29 ans, une prestance naturelle et un franc parlé agréable. Il déclare: «On est vraiment en train de faire quelques chose de bien. D'ailleurs, contrairement à d'autres, je refuse pour le moment d'importer des vins étrangers qui, surtaxés, deviennent excessivement chers, ce qu'ils sont sous prétextes qu'ils soient français ou italiens. De ce fait, je n'hésite pas à reprendre ma carte quand je découvre un nouveau produit».
Après l'Ecole hôtelière de Sidi Dhrif, M. Abdelkéfi fait une formation à l'école Paul Augier en France et réussit au concours de sommellerie en 2004. Travailler dans le projet familial a toujours été son objectif. Espérant se reconvertir un jour, dans l'enseignement, il regrette que la formation dans le domaine du vin reste le parent pauvre des métiers de l'hôtellerie en Tunisie.

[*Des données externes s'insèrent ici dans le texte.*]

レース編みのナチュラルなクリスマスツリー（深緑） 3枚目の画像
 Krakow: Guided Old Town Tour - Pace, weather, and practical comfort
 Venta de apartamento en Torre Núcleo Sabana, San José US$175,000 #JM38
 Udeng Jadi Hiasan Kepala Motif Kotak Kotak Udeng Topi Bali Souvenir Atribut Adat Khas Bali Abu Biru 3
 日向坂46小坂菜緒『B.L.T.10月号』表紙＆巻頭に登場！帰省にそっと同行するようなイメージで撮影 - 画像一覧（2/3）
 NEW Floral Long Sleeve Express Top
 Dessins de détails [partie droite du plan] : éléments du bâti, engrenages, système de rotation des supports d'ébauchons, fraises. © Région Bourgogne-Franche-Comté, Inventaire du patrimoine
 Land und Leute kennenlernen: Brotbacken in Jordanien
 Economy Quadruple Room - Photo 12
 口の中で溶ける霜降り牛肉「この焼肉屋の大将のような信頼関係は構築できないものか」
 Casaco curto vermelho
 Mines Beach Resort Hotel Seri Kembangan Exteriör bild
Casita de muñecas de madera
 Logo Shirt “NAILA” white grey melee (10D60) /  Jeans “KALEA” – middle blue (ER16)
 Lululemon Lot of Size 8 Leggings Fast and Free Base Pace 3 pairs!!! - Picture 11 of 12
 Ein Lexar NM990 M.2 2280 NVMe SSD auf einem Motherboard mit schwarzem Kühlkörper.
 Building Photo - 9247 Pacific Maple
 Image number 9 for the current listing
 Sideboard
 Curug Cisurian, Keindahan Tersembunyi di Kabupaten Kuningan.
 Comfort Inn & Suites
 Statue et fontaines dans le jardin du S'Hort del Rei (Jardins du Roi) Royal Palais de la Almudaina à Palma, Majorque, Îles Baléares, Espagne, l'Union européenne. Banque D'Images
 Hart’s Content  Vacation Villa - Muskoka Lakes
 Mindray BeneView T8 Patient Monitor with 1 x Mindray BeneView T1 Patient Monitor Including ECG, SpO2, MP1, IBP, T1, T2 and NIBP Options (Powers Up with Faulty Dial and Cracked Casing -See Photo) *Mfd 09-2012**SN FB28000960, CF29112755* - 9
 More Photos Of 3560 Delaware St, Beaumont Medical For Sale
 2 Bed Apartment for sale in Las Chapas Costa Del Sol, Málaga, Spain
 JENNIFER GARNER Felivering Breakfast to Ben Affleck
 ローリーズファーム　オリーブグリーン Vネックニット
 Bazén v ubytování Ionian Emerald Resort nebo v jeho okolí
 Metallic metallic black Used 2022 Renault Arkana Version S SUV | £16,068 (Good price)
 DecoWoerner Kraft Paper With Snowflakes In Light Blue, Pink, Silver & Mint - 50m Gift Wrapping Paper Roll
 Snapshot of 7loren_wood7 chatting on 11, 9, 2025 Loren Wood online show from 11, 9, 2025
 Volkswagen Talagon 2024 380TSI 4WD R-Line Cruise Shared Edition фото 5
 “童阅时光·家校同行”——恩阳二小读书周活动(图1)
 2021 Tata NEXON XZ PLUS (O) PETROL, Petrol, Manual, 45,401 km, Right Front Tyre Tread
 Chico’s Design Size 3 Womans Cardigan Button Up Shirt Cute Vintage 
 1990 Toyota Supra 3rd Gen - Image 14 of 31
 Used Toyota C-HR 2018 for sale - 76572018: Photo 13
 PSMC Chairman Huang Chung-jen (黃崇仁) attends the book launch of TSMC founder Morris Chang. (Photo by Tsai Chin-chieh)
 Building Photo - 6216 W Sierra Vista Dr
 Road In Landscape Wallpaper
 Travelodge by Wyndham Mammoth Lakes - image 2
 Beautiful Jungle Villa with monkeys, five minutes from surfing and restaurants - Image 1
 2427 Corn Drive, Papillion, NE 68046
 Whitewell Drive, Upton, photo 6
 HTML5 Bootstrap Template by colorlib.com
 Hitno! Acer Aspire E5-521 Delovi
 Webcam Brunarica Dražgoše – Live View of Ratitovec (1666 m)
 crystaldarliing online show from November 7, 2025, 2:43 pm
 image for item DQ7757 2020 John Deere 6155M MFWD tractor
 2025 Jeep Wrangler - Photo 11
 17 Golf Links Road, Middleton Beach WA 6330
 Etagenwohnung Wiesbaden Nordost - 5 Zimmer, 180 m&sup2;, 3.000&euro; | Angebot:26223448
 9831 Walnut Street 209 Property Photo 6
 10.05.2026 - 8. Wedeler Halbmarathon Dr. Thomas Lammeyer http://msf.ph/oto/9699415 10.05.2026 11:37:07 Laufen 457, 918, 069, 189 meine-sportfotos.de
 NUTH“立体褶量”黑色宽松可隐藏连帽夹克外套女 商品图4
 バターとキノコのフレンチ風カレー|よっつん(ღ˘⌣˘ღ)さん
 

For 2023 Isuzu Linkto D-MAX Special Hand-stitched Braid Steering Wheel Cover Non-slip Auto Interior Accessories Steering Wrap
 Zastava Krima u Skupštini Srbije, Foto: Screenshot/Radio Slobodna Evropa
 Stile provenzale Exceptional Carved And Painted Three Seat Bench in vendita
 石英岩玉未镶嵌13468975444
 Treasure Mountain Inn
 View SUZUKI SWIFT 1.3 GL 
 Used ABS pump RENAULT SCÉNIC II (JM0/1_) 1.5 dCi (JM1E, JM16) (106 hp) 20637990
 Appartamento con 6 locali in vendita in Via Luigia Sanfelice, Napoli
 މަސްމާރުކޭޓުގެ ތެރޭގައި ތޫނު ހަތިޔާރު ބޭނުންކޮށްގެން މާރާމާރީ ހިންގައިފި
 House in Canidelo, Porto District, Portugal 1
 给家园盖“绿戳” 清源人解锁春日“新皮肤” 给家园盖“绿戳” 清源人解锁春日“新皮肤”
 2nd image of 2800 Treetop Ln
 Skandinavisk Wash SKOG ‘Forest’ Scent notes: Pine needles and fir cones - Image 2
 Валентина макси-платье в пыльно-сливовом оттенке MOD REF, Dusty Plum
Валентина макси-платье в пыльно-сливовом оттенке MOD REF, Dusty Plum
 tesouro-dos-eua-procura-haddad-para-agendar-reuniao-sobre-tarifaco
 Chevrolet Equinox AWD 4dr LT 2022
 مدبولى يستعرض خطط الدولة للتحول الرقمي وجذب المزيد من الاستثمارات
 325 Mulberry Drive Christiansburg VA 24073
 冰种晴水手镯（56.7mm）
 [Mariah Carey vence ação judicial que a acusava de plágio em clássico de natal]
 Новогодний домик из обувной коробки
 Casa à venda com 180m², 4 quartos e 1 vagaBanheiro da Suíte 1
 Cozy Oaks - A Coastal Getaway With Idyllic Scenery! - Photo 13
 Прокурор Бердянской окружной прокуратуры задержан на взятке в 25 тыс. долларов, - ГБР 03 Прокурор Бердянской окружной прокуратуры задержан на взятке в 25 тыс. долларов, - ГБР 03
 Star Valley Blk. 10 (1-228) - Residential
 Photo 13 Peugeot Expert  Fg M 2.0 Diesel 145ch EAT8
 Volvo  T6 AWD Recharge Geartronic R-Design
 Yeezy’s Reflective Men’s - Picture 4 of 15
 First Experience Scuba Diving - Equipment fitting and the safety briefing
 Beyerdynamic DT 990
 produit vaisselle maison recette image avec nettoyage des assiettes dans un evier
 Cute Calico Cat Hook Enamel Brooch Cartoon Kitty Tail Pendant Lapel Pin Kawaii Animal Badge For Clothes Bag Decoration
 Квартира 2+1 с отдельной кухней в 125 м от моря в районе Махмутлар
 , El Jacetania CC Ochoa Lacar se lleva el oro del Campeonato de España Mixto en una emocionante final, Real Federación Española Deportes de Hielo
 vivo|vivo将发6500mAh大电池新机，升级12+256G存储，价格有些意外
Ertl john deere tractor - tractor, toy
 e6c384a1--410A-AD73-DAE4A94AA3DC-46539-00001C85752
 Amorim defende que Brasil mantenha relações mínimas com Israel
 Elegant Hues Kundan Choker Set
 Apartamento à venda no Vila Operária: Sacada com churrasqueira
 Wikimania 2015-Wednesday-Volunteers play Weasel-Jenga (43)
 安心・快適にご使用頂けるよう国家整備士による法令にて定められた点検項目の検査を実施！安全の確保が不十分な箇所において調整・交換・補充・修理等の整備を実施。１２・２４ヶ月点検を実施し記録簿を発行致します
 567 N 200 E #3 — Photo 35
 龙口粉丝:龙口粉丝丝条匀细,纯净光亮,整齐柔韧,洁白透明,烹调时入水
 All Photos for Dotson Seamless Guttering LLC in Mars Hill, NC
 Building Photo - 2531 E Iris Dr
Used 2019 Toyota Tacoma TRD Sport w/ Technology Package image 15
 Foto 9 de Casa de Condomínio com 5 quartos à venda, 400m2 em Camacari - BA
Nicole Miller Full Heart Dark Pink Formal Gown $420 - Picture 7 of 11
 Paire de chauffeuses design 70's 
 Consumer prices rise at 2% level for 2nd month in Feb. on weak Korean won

D'ailleurs, il n'y a visiblement pas de formation spécifique aux métiers du vin dans les instituts de formation hôtelière tunisiens étatiques et privés. La spécialité étant étudiée sommairement, en tant que matière avec les métiers du bar. Le vin est un produit vivant qui se détériore si on lui mène la vie dure. Les conditions de sa conservation sont aussi très souvent lamentables, se plaignent les professionnels du vin.
A quelques exceptions près, les acheteurs de vins des hôtels n'y connaissent pas grand-chose et le vin, s'évertue-t-on à m'expliquer, «ne peut pas s'acheter comme des pommes de terre ou du sucre en poudre», laissent éclater leur colère quelques producteurs.
Choisir, présenter, conserver les vins. Tout un art Des tâches importantes dans le métier de la restauration et l'hôtellerie qui sont quelque peu marginalisées. Un cours a cependant été animé dans les instituts de formation pendant plus de 4 ans suscitant l'intérêt et l'approbation des élèves et de leurs futurs pourvoyeurs d'emploi. Le cours a été suspendu pour des raisons budgétaires, alors que des budgets énormes continuent d'être alloués pour des intervenants étrangers qui continuent d'organiser des stages d'initiation et de perfectionnement dans quelques structures privées.
Mal présentée, et desservie par ses propres chevaliers, l'hôtellerie tunisienne reste tout de même la vitrine des vins tunisiens. Quels que soient les efforts fournis en matière de qualité, packaging, communication, etc.
Si les relais ne s'activent pas correctement, nos vins resteront malheureusement à la traîne, avec un goût de gâchis énorme.